I know it seems dumb of a question. I dont really understand why we are being asked to find the slower way to do it.

Answer

The Floyd-Warshall Algorithm for transitive closure looks like:

int dist[N][N];  // For some N
int i, j, k;
// Input data into dist, where dist[i][j] is the distance from i to j.
// If the nodes are unconnected, dist[i][j] should be infinity
for ( k = 0; k < N; k++ )
for ( i = 0; i < N; i++ )
for ( j = 0; j < N; j++ )
   if(dist[i][k] && dist[k][j])
      dist[i][j] = 1;

Note the order of the indices used: they are ordered this way to preserve an optimal substructure property. If we instead reorder them as below, that property is violated:

  for ( i = 0; i < N; i++ ) 
  for ( j = 0; j < N; j++ )
  for ( k = 0; k < N; k++ )
    if(dist[i][j] && dist[j][k])
      dist[i][k]=1;

The result of violating the property is that the transitive closure paths grow (at worst) only one link in the O(n^3) iterations above.
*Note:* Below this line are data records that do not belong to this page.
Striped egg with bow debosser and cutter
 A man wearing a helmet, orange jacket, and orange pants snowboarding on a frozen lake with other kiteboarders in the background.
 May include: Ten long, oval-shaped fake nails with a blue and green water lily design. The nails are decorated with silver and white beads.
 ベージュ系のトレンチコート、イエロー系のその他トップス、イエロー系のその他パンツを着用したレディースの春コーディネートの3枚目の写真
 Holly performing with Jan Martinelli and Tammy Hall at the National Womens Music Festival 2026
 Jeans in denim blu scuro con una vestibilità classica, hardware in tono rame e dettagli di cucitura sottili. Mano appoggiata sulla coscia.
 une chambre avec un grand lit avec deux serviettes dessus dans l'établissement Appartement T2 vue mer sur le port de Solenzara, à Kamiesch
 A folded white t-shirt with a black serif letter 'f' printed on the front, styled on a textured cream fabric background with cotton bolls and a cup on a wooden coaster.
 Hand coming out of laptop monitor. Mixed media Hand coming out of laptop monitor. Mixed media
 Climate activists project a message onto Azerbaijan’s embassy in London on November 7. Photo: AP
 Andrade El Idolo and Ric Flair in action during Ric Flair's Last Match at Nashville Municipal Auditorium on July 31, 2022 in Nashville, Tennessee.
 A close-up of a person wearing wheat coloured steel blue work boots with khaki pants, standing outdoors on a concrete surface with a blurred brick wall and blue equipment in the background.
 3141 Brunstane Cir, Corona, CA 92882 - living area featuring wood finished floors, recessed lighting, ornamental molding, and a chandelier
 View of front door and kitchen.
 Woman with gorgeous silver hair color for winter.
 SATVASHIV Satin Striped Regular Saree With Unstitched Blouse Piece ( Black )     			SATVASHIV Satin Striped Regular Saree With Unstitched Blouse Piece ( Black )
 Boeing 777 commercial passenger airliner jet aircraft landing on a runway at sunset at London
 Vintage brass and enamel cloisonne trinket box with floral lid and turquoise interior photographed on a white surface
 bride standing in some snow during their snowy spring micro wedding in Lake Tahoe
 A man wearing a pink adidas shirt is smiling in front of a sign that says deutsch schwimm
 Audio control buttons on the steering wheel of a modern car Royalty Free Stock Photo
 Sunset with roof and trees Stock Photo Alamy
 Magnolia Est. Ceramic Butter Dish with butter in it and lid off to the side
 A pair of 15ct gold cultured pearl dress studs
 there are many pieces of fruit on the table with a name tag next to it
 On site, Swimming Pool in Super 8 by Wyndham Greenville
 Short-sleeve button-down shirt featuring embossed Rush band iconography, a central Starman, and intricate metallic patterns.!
In order to ensure that they transitive closure paths grow all the way, we need to keep iterating until they stop growing:

do{
  something_done=false;
  for ( i = 0; i < N; i++ ) 
  for ( j = 0; j < N; j++ )
  for ( k = 0; k < N; k++ )
    if(dist[i][j] && dist[j][k]){
      dist[i][k]=1;
      something_done=true;
    }
} while (something_done);

If the outer loop is in O(N), then the algorithm itself is in O(N^4).

Unfortunately, it may not be possible to (easily) show that the outer loop has that property, since it is particular to the data.